KEEPING YOUR MEN INFORMED
Nobody ever told the South Sea savage
about the nature of air in motion. He had never
heard of wind and therefore could not imagine its
effects. Thus when he heard strange noises in
the treetops and there was a howling around certain
headlands, while other headlands were silent, he could
believe only that the spirits were at work. He
would strain his ear to hear what they had to say
to him, and never being able to understand, he would
become all the more fearful.
It all sounds pretty silly. And
yet civilization is a great deal like that. We
pride ourselves today in saying, particularly within
the western nations, that men and women are better
informed than ever before in the history of the world.
What we really mean by that is that they are overburdened
with more kinds of fragmentary information than any
people of the past. They know just enough about
many major questions of the day that either they are
driven to the making of fearful guesses about the
unknown, or they try to close their minds to the subject,
vainly seeking consolation in the half-truth, “What
I don’t know can’t hurt me.”
Therein lies a great part of the problem.
For it is a fair statement that if all of the mystery
could be stripped from such a complex topic as the
nature of atomic power, so that men everywhere would
understand it, universal fear would be displaced by
universal confidence that something could be done,
and society would be well along the road toward its
control.
In World War I, the men who had the
least fear of the effects of gas warfare were the
gas officers who understood their subject right down
to the last detail of the decontamination process and
the formula for dichlorethylsulphide (mustard gas).
The man to whom the dangers of submarine warfare seem
least fearsome is the submariner. Of all hands
along the battle line, the first aid man has the greatest
calm and confidence in the face of fire, largely because
he has seen the miracles worked by modern medicine
in the restoring of grievously wounded men. The
general or the admiral who is most familiar with the
mettle of his subordinate commands will also have the
most relaxed mind under battle pressure.
This leads to a point, which it is
better to state here than anywhere else. In all
military instruction pertaining to the weapons and
techniques of war, the basis of sound indoctrination
is the teaching that weapons when rightly used will
invariably produce victory, and preventive measures,
when promptly and thoroughly taken, will invariably
conserve the operational integrity of the defense.
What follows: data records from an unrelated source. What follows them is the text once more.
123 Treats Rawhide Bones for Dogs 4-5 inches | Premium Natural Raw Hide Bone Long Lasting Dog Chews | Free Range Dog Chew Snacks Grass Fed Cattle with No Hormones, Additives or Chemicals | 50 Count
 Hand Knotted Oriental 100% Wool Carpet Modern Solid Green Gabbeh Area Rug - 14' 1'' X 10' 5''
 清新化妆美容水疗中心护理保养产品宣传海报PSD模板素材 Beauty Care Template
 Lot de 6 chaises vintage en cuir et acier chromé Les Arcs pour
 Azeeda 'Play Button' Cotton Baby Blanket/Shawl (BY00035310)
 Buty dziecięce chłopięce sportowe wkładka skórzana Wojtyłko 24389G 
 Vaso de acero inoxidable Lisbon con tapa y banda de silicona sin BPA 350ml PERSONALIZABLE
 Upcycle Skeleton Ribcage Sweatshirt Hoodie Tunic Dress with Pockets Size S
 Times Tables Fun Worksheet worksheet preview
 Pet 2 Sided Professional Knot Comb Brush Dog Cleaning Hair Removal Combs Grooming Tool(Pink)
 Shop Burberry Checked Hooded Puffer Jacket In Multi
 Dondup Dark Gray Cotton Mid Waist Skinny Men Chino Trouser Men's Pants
It is wrong, dead wrong, to start, or carry
along, on the opposite track, and try to persuade
men to do the right thing, by dwelling on the awful
consequence of doing the wrong thing. Confidence,
not fear, is the keynote of a strong and convictive
doctrine.
In war, in the absence of information,
man’s natural promptings alternate between unreasoning
fears that the worst is likely to happen, and the
wishful thought that all danger is remote. Either
impulse is a barrier to the growth of that condition
of alert confidence which comes to men when they have
a realization of their own strength and a reasonably
clear concept of the general situation.
Man is a peculiar animal. He
is no more prone to think about himself as the central
figure amid general disaster than he is to dwell morbidly
upon thoughts of his own death. Left in the dark,
he will get a certain comfort out of that darkness,
at the same time that it clouds his mind and freezes
his action. Disturbed by bad dreams about what
might happen, he nonetheless will not plan an effective
use of his own resources against that which is very
likely to happen. Only when he is given a clear
view of the horizon, and is made animated by the general
purpose in all that moves around him, does he understand
the direction in which he should march, and taking
hold, begin to do the required thing.
It is almost gratuitous that this
even needs to be stated. No high commander would
think of moving deliberately into the fog of war if
he was without knowledge of either the enemy or friendly
situation. Even to imagine such a contingency
is paralyzing. But in their nervous and spiritual
substance, admirals and generals are no different than
the green men who have come most recently to their
forces. Such men can not stand alone any more
than can the recruit. They draw their moral strength
and their ability to contend intelligently against
adverse circumstance largely from what is told them
by the men who surround them. That is why they
have their staffs. They could not command even
themselves if they were deprived of all information.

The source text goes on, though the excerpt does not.